= Remote integration model =

Method of live television production

Remote integration model, also known as REMI and at-home production, is a method of live production for television broadcasts and video distribution that transmits live feeds to a single centralized production facility or workflow for integration into a finished feed, which is then distributed to broadcasters.

Initially developed as a less staff- and equipment-intensive alternative to on-site production of live sports events using production trucks or local studios, REMI grew in popularity in 2020 due to the impact of the COVID-19 pandemic on television, which required heavily isolated remote work. However, the practice — particularly in live sports productions — is subject to criticism for the compromises in image quality, stability, and the detachment of commentators and producers operating sometimes thousands of miles from the events they're covering.

==History==
NBC Sports deployed a remote production workflow for the 1996 Summer Olympics, which were hosted in Atlanta, Georgia. To reduce the amount of on-site staff needed to cover all events, producers instead had taped and time-shifted footage transmitted from events to a single centralized production facility at 30 Rockefeller Plaza in New York City nicknamed the "virtual International Broadcast Center", allowing on-site producers to focus on live broadcasts.

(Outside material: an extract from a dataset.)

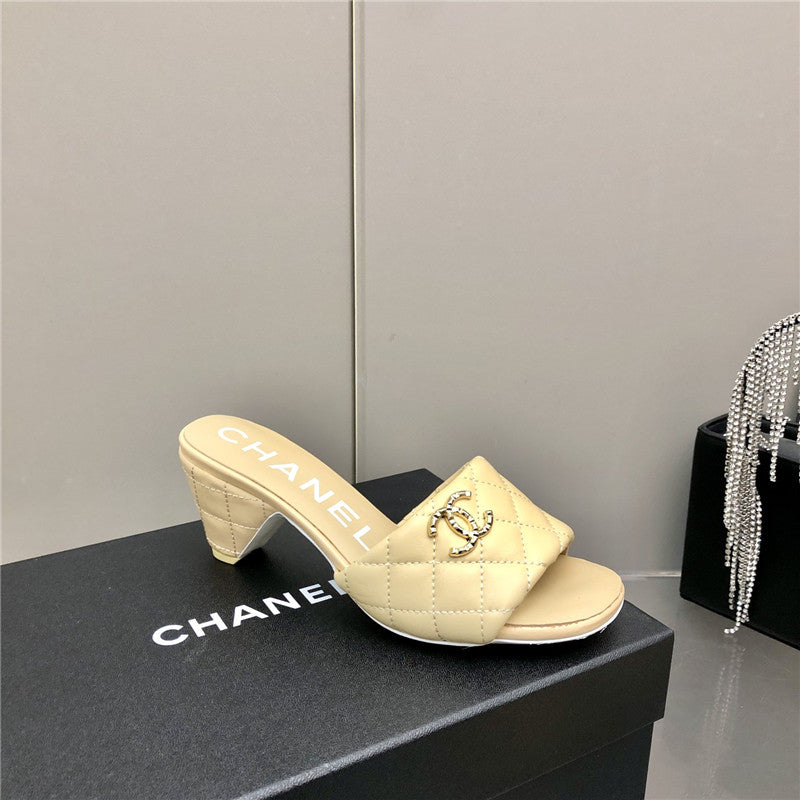 High Quality Luxury Chanel Classic C Buckle Slippers – Style 26342 product detail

NBC continued the practice in subsequent Olympic Games, and in 2013 established a permanent remote International Broadcast Center in Stamford, Connecticut.

Early REMI productions relied on high-bandwidth T1 lines and grew into higher-speed connections and IP routing capabilities as they became available, in order to accommodate increases in broadcast display resolution and the number of cameras in use.

Alongside the growth of in-house REMI studios, independent remote-production service providers expanded into providing full REMI services and commentary on contract to other events and leagues. For example, VISTA Worldlink, which had engaged in global-commentary rebroadcasts of Major League Soccer (MLS) and CONCACAF matches, expanded into providing full REMI services and commentary on contract to United Soccer League competitions, National Women's Soccer League (NWSL), the U.S. Open Cup, and MLS.

===Lowering production costs===
Sports leagues with smaller broadcast budgets began deploying REMI productions to allow for more live-broadcast and livestreamed matches. For example, with A+E as a broadcast partner in 2016, the National Women's Soccer League produced match livestreams using REMI practices with budgets as small as $10,000 per match, compared to $50,000 to $100,000 for television broadcasts using a production truck. The Premier Hockey Federation used REMI production to expand its match availability to its full season and produce its first linear television broadcasts. NASCAR consolidated its remote production to a studio in Charlotte, North Carolina, in 2019 where it produced 30 events remotely.

===Use during the COVID-19 pandemic===
The impact of the COVID-19 pandemic on television forced live event coverage to adapt to strict rules on isolation. Entities already using REMI methods were able to return to broadcasting events since most production staff and commentators already operated in remote, isolated facilities.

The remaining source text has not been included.